▸ **Task description**: Pull out every line below that contains the word "user".

▸ **Data section**:
====

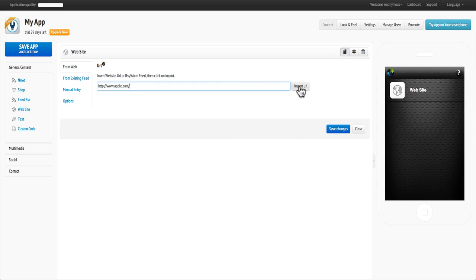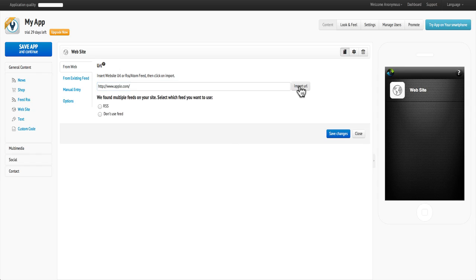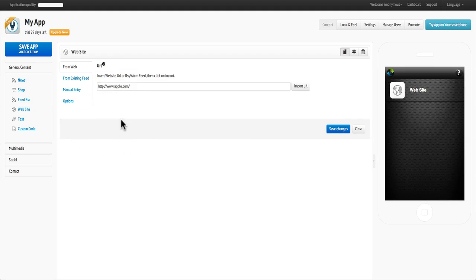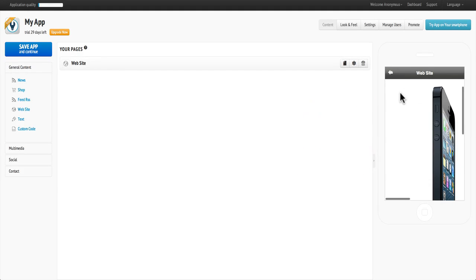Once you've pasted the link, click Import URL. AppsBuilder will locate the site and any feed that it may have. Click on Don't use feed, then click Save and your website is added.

====

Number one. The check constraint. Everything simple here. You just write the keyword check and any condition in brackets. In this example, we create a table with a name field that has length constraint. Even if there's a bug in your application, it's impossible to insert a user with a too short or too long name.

====

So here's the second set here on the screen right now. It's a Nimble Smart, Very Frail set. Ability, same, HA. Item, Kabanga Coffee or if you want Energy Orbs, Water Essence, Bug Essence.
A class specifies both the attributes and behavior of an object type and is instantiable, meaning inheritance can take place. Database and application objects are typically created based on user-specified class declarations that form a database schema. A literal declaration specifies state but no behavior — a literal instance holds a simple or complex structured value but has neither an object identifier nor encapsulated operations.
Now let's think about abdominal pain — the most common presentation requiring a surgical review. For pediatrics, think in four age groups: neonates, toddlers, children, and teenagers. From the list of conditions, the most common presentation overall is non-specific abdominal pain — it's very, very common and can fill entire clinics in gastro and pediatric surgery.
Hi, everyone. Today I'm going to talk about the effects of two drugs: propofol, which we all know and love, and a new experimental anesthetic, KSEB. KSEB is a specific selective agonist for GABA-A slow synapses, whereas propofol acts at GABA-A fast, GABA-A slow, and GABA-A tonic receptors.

====

▸ **Task solution**:
Number one. The check constraint. Everything simple here. You just write the keyword check and any condition in brackets. In this example, we create a table with a name field that has length constraint. Even if there's a bug in your application, it's impossible to insert a user with a too short or too long name.
A class specifies both the attributes and behavior of an object type and is instantiable, meaning inheritance can take place. Database and application objects are typically created based on user-specified class declarations that form a database schema. A literal declaration specifies state but no behavior — a literal instance holds a simple or complex structured value but has neither an object identifier nor encapsulated operations.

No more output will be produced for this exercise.